Major League Rodeo (1978-1979)
Tombstone
Born: July 6, 1977 – MLR founding franchise1ASSOCIATED PRESS. “Major League Rodeo circuit opens in 1978”. The Independent-Record (Helena, MT). July 7, 1977
Folded: July 1979
First Game: April 5, 1978 (L 55-54 @ Texas Rowels)
Last Game:
MLR Championships: None
Arenas
1978: Benjamin Arena
1979: Kemper Arena*
Opened: 1974
(The Trailblazers never actually appeared at Kemper due to the arena’s June 1979 roof collapse)
Marketing
Team Colors:
Ownership
Owner: Pat Campbell
Background
The Kansas City Trailblazers were a co-ed professional team rodeo promotion that performed at Benjamin Arena during the summer of 1978. The Trailblazers were one of six founding franchises in Major League Rodeo that year. They competed against rival teams from Denver, Los Angeles, Salt Lake City, San Antonio and Tulsa.

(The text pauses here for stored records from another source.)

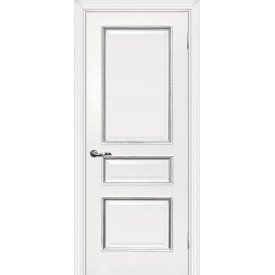 Дверь экошпон Мариам Мурано-2 глухое белый, патина серебро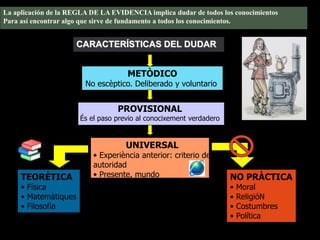 La aplicación de la REGLA DE LA EVIDENCIA implica dudar de todos los conocimientos
Para así encontrar algo que sirve de fundamento a todos los conocimientos.
CARACTERÍSTICAS DEL DUDAR
METÒDICO
No escèptico. Deliberado y voluntario
PROVISIONAL
És el paso previo al conocixement verdadero
UNIVERSAL
• Experiència anterior: criterio de
autoridad
• Presente, mundo
TEORÈTICA
• Física
• Matemàtiques
• Filosofia
NO PRÀCTICA
• Moral
• ReligióN
• Costumbres
• Política
 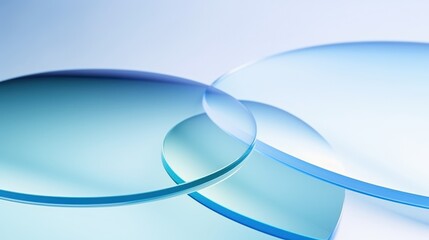 Obraz premium Abstract image of overlapping blue-tinted lenses, showcasing smooth curves and gradients against a soft background.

Major League Rodeo contests consisted of seven skills – bareback bronc riding, barrel racing, team roping, saddle bronc riding, calf roping, steer wrestling and bull riding. Each team sported a roster of 12 cowboys & 3 cowgirls. Three team members competed in each of the seven events, which were contested twice separated by a 20-minute halftime.
The Trailblazers compiled a 11-11 regular season record during Major League Rodeo’s debut season in 1978. They lost 62-59 to the Tulsa Twisters in a semi-final playoff rodeo on September 17th, 1978.
Cowboys & Cowgirls
The Trailblazers 1978 roster included the following cowboys and cowgirls with some of their featured events noted. Major League Rodeo records are spotty, so this represents only a partial line-up of the Trailblazers and their specialties.
- Chuck Waldie (coach, saddle bronc riding)
- Junior Brooks
- Cindy Cox (barrel racing)
- John Cox (calf roping)
- Jimmy Crowthers (bull riding)
- Zeke Griffith (calf roping)
- Linda Kay (barrel racing)
- Jimmy Martin
- Brad Mattox (steer wrestling, bareback riding)
- Glen Roupe (team roping)
- Justin Spencer (team roping)
- Anne Waldie (barrel racing)
Arena Woes
The team was bedeviled by arena problems from the start. Most Major League Rodeo teams performed in mid-sized indoor arenas like the Denver Coliseum and San Antonio’s Freeman Coliseum. But the Trailblazers leased the outdoor Benjamin Arena in 1978 and saw the weather play havoc with ticket sales and sloppy turf conditions. Kansas City’s home debut, scheduled for May 12th, 1978 with a reported pre-sale of 2,000 tickets, was postponed due to rain. When the Trailblazers played the re-scheduled the next day, fewer than 200 spectators showed up.2Richardson, Bill. “Trailblazers Fall Again As Tulsa Wins in Rodeo”. The Star (Kansas City, MO). May 14, 1978
In March 1979, owner Pat Campbell moved the Trailblazers into 16,000-seat Kemper Arena, home of the NBA’s Kansas City Kings. Campbell planned to pair Trailblazers games with concerts and lined up performances by the likes of Rick Nelson, the Nitty Gritty Dirt Band and the New Christy Minstrels. But on June 4th, 1979, five days before the Trailblazers 1979 home opener at Kemper, the building’s roof collapsed during a storm.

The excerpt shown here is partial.